By the time we got to the East entrance of the park, the clouds had all but disappeared. It was as if the spirit of the Grand Canyon wasn’t going to let us leave without experiencing some of her majesty — at least for a brief moment.

This all happened as we were beginning our visit to the Watchtower, an amazing structure, designed by Mary Colter, the same architect who designed La Posada in Winslow, and several other amazing buildings at the Grand Canyon.

This building, and my complete admiration for this amazing woman, architect, artist, visionary, was the highlight of my visit to the Grand Canyon. It made all of what came before, disappear.

I really don’t know where to start in describing what I felt when I walked through that door. Perhaps it was the culmination of all of the visits to Peubloan ruins in the area and the poverty we experienced in Canyon De Chelly. Or my reflection on the ranger talks about the displacement of the Hopi and Havasupai in this Park. Maybe it was the strong feeling that I described in an earlier post of feeling like I am trespassing on someone's property. A deep feeling of despair for the scars of progress, that really never heal. Maybe all of these things. Mary Colter in her work here in the Park, attempts to make this right. She spent years researching the Peubloan ruins, the building methods, the pictographs and petroglyphs of the ancient peoples who’s spirits are in this Canyon. She cultivated relationships and consulted with the elders who were still living on ancestral lands and collaborated with Hopi artists to make her concepts realities.

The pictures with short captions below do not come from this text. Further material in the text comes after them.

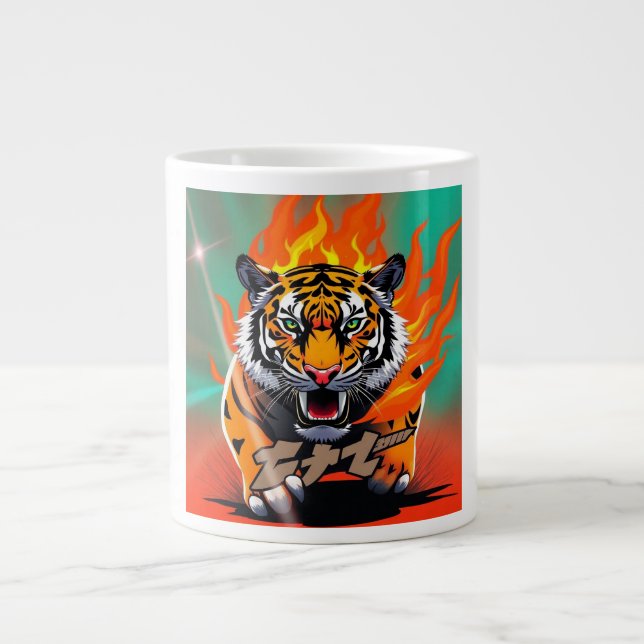 anime tiger giant coffee mug (Front)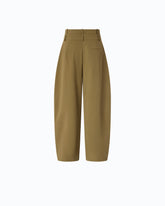 Barrel-fit trousers with belt - Green | Pinko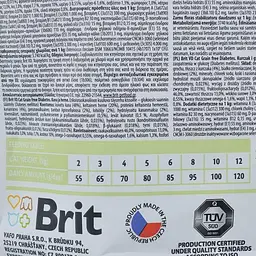 Сухий корм Brit GF VetDiets Cat Diabetes для кішок, у разі цукрового діабету, з куркою та горохом, 400 г - мініатюра 6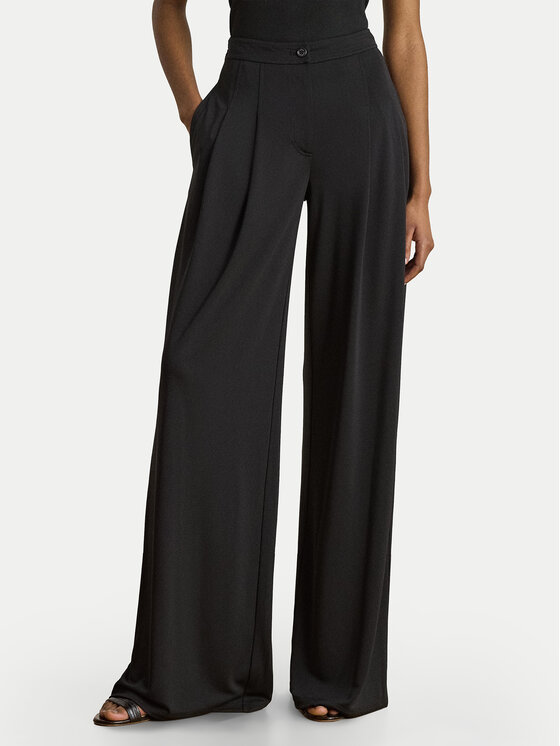 LAUREN RALPH LAUREN Spodnie materiałowe Chabrell 200980217001 Czarny Wide Leg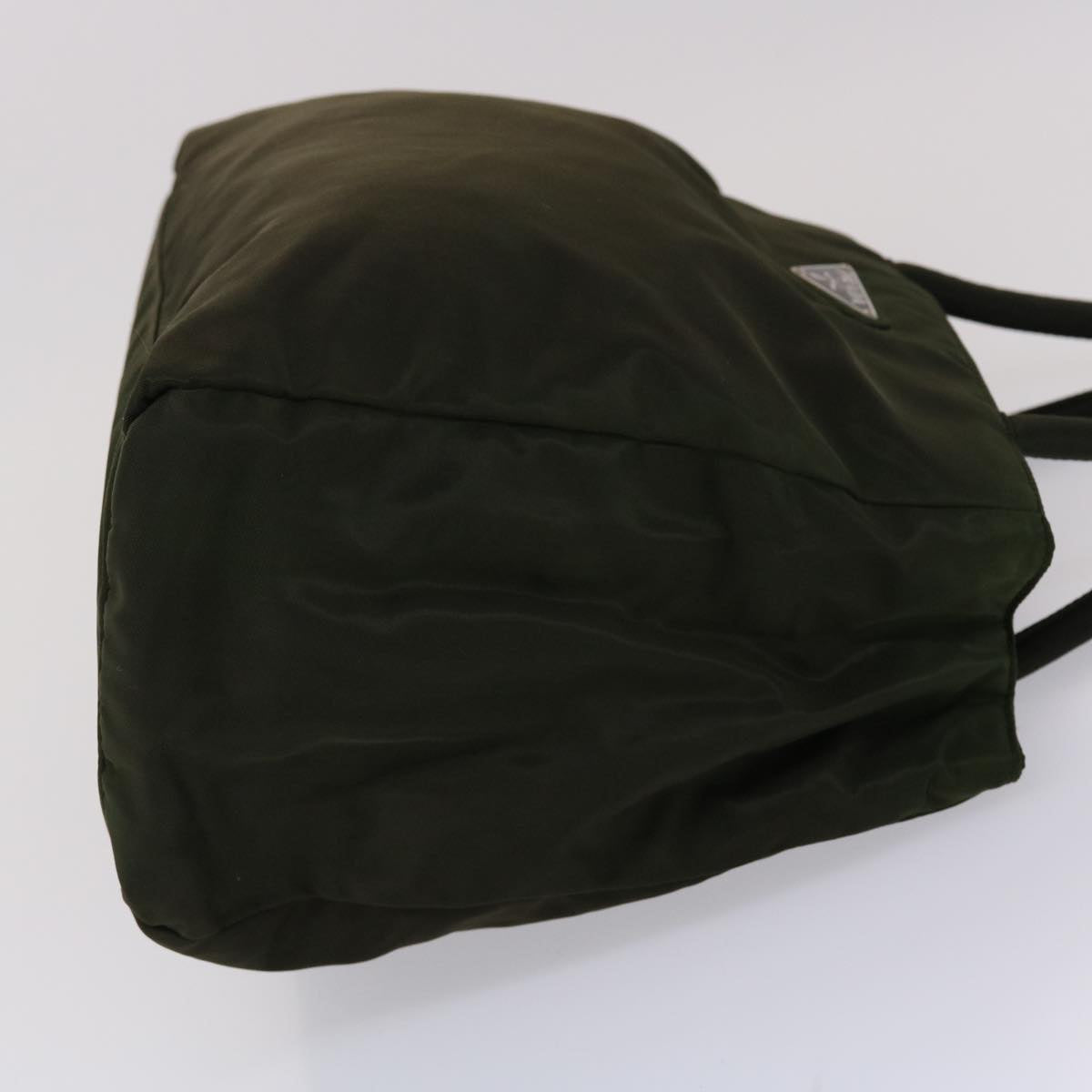 Prada Hand Bag Khaki Auth Nylon Travel Bag Khaki Auth 45940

I will never be able to capture what I saw in words or photos, no matter how many of both I use to try to describe it. You have to be there, to breathe in the spirit and feel the depth of the experience. As you walk up the winding staircase to the top of the tower, Mary has cut out windows in the walls, which frame views going 360 degrees around the tower. If we had been there the day before we would have seen only clouds, but that day, at that time, the sky was perfectly blue and we saw for the first time the grandness of the Grand Canyon.

The Hopi People believe that they were born through a hole in the sky and were destined to work hard and wander the earth in search of their homeland. They believe that their Jerusalem is the Grand Canyon. Even though they now occupy only a small fraction of land in the Canyon, and they have been forced to abandon most of their land and their way of life, they still remain here, tied to this land. Mary Colter, helped me experience their rich history while wandering through the Watchtower, and Hopi house, which she also designed. Both buildings celebrate the cultures of the people who built their homes here, cultivated crops here, and prayed to their creator.

As we exited the Park from the East, I felt totally inspired. The blip was just that — a blip and it was over.